2598. Smallest Missing Non-negative Integer After Operations

Description

You are given a 0-indexed integer array nums and an integer value.

In one operation, you can add or subtract value from any element of nums.

For example, if nums = [1,2,3] and value = 2, you can choose to subtract value from nums[0] to make nums = [-1,2,3].

The MEX (minimum excluded) of an array is the smallest missing non-negative integer in it.

For example, the MEX of [-1,2,3] is 0 while the MEX of [1,0,3] is 2.

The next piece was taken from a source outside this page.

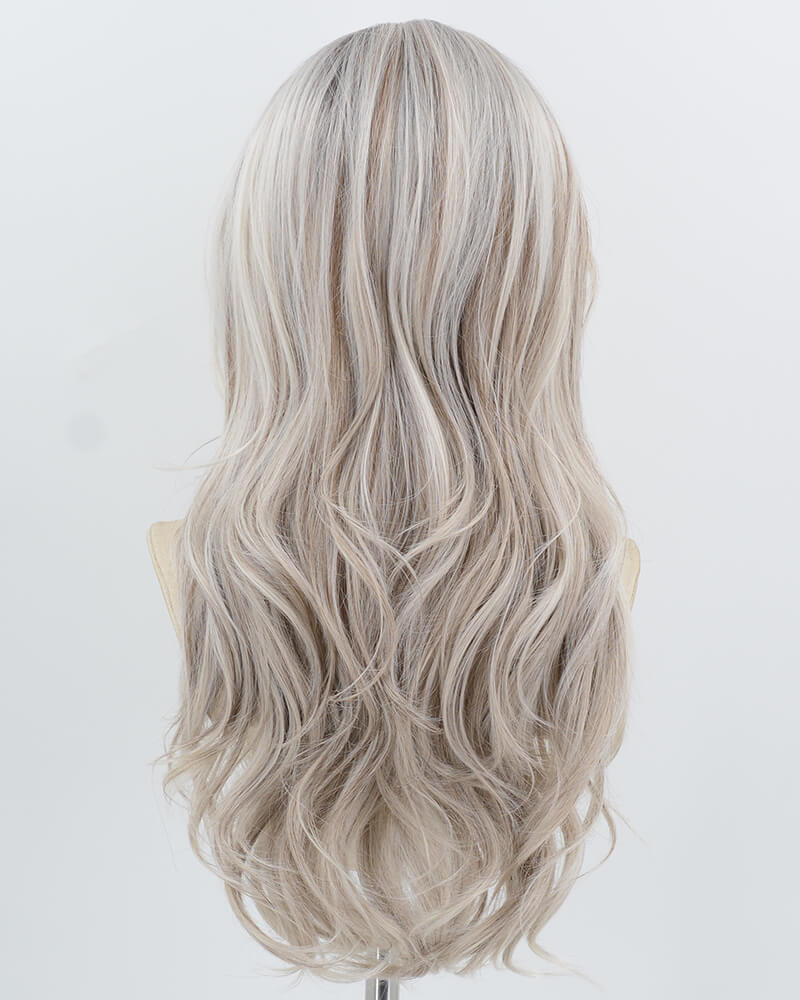 Ombre Grey Blonde Synthetic Lace Front Wig WW1006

Return the maximum MEX of nums after applying the mentioned operation any number of times.

Example 1:

Input: nums = [1,-10,7,13,6,8], value = 5
Output: 4
Explanation: One can achieve this result by applying the following operations:
- Add value to nums[1] twice to make nums = [1,0,7,13,6,8]
- Subtract value from nums[2] once to make nums = [1,0,2,13,6,8]
- Subtract value from nums[3] twice to make nums = [1,0,2,3,6,8]
The MEX of nums is 4. It can be shown that 4 is the maximum MEX we can achieve.

Example 2:

Input: nums = [1,-10,7,13,6,8], value = 7
Output: 2
Explanation: One can achieve this result by applying the following operation:
- subtract value from nums[2] once to make nums = [1,-10,0,13,6,8]
The MEX of nums is 2. It can be shown that 2 is the maximum MEX we can achieve.

Constraints:

1 <= nums.length, value <= 10⁵
-10⁹ <= nums[i] <= 10⁹

Solutions

Solution 1: Counting

We use a hash table \(\textit{cnt}\) to count the number of remainders when each number in the array is modulo \(\textit{value}\).

Then we traverse starting from \(0\). For the current number \(i\) being traversed, if \(\textit{cnt}[i \bmod \textit{value}]\) is \(0\), it means there is no number in the array whose remainder when modulo \(\textit{value}\) is \(i\), so \(i\) is the MEX of the array, and we can return it directly. Otherwise, we decrement \(\textit{cnt}[i \bmod \textit{value}]\) by \(1\) and continue traversing.

The time complexity is \(O(n)\) and the space complexity is \(O(\textit{value})\), where \(n\) is the length of array \(\textit{nums}\).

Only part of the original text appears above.